Index Management: Mappings, Aliases, and Templates

Effective index management is crucial for performance and maintainability. This includes defining mappings, using aliases for zero-downtime reindexing, and templates for consistent settings.

Best practices:

Define explicit mappings (don't rely on dynamic mapping for production)
Use index aliases for production indices
Create index templates for time-series data
Set appropriate shard counts (over-sharding hurts performance)
Use index lifecycle management (ILM) for data retention

# Update mapping (add new field to existing index)
curl -X PUT "localhost:9200/products/_mapping" -H 'Content-Type: application/json' -d'
{
  "properties": {
    "manufacturer": {
      "type": "keyword"
    },
    "rating": {
      "type": "float"
    }
  }
}'

# Create index alias
curl -X POST "localhost:9200/_aliases" -H 'Content-Type: application/json' -d'
{
  "actions": [
    {
      "add": {
        "index": "products",
        "alias": "products-latest"
      }
    }
  ]
}'

# Atomic alias switch (zero-downtime reindex)
curl -X POST "localhost:9200/_aliases" -H 'Content-Type: application/json' -d'
{
  "actions": [
    { "remove": { "index": "products-v1", "alias": "products" } },
    { "add": { "index": "products-v2", "alias": "products" } }
  ]
}'

# Create index template
curl -X PUT "localhost:9200/_index_template/logs_template" -H 'Content-Type: application/json' -d'
{
  "index_patterns": ["logs-*"],
  "template": {
    "settings": {
      "number_of_shards": 1,
      "number_of_replicas": 1,
      "refresh_interval": "5s"
    },
    "mappings": {
      "properties": {
        "timestamp": { "type": "date" },
        "level": { "type": "keyword" },
        "message": { "type": "text" },
        "service": { "type": "keyword" }
      }
    }
  }
}'

# Now any index matching logs-* gets these settings
curl -X PUT "localhost:9200/logs-2024-01-15"

# Reindex data from old index to new
curl -X POST "localhost:9200/_reindex" -H 'Content-Type: application/json' -d'
{
  "source": {
    "index": "products-old"
  },
  "dest": {
    "index": "products-new"
  }
}'

# Delete index
curl -X DELETE "localhost:9200/products-old"

# Get all indices
curl -X GET "localhost:9200/_cat/indices?v"

# Get cluster health
curl -X GET "localhost:9200/_cluster/health?pretty"

Step 10

Production Cluster Setup

Production deployments require a multi-node cluster for high availability and scalability.

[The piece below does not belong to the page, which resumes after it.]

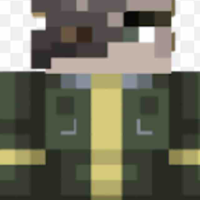 Aiden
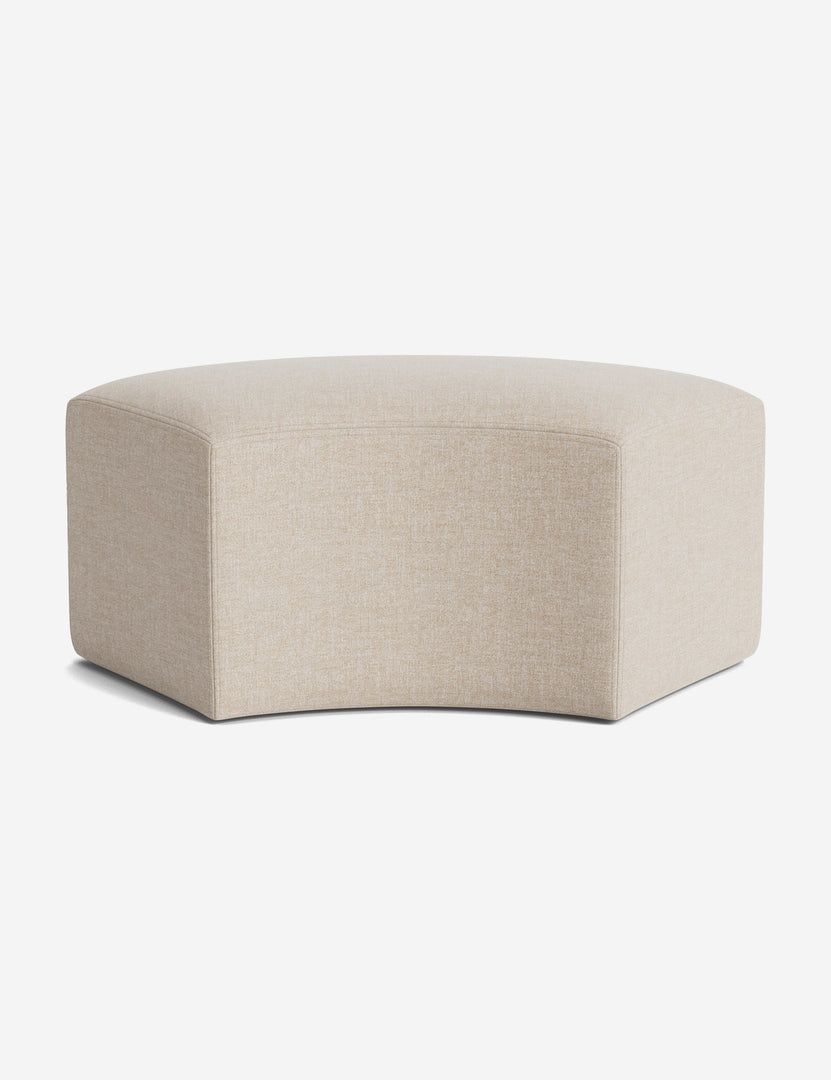 #color:flax-performance-cotton-weave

A typical setup includes dedicated master, data, and ingest nodes.

Node roles:

Master: Cluster state management (lightweight, 3+ nodes for quorum)
Data: Store indices and execute queries (most resources)
Ingest: Pre-process documents (optional)
Coordinating: Route requests (no data, no master)
ML: Machine learning (optional)

Minimum production cluster: 3 master-eligible nodes + 2+ data nodes

# Master node config (es-master-1)
cluster.name: production
node.name: master-1
node.roles: [ master ]

path.data: /var/lib/elasticsearch
path.logs: /var/log/elasticsearch

network.host: 0.0.0.0
http.port: 9200
transport.port: 9300

discovery.seed_hosts:
  - master-1:9300
  - master-2:9300
  - master-3:9300

cluster.initial_master_nodes:
  - master-1
  - master-2
  - master-3

xpack.security.enabled: true
xpack.security.transport.ssl.enabled: true

---

# Data node config (es-data-1)
cluster.name: production
node.name: data-1
node.roles: [ data, ingest ]

path.data: /var/lib/elasticsearch
path.logs: /var/log/elasticsearch

network.host: 0.0.0.0
http.port: 9200
transport.port: 9300

discovery.seed_hosts:
  - master-1:9300
  - master-2:9300
  - master-3:9300

xpack.security.enabled: true
xpack.security.transport.ssl.enabled: true

# Hot/Warm architecture (data tiers)
node.attr.data: hot  # or warm, cold

---

# Coordinating-only node (load balancer)
cluster.name: production
node.name: coordinator-1
node.roles: [ ]  # No roles = coordinating only

network.host: 0.0.0.0
http.port: 9200
transport.port: 9300

discovery.seed_hosts:
  - master-1:9300
  - master-2:9300
  - master-3:9300

Step 11

Security: Authentication and TLS

Elasticsearch security features (X-Pack Security) provide authentication, authorization, and encryption. Essential for production deployments.

Security layers:

TLS: Encrypt HTTP and transport communication
Authentication: Built-in, LDAP, Active Directory, SAML, OpenID Connect
Authorization: Role-based access control (RBAC)
Audit logging: Track security events
Field/document level security: Fine-grained access control

# Generate certificates for inter-node communication
cd /usr/share/elasticsearch
bin/elasticsearch-certutil ca --pem
# Creates elastic-stack-ca.zip

unzip elastic-stack-ca.zip
bin/elasticsearch-certutil cert \
  --ca-cert ca/ca.crt \
  --ca-key ca/ca.key \
  --pem \
  --name node1 \
  --dns node1.example.com \
  --ip 192.168.1.10

# Copy certificates to config/certs/
mkdir config/certs
cp node1/node1.crt node1/node1.key ca/ca.crt config/certs/
chmod 644 config/certs/*

# Enable security in elasticsearch.yml
xpack.security.enabled: true

# TLS for transport (inter-node)
xpack.security.transport.ssl.enabled: true
xpack.security.transport.ssl.verification_mode: certificate
xpack.security.transport.ssl.certificate: certs/node1.crt
xpack.security.transport.ssl.key: certs/node1.key
xpack.security.transport.ssl.certificate_authorities: [ "certs/ca.crt" ]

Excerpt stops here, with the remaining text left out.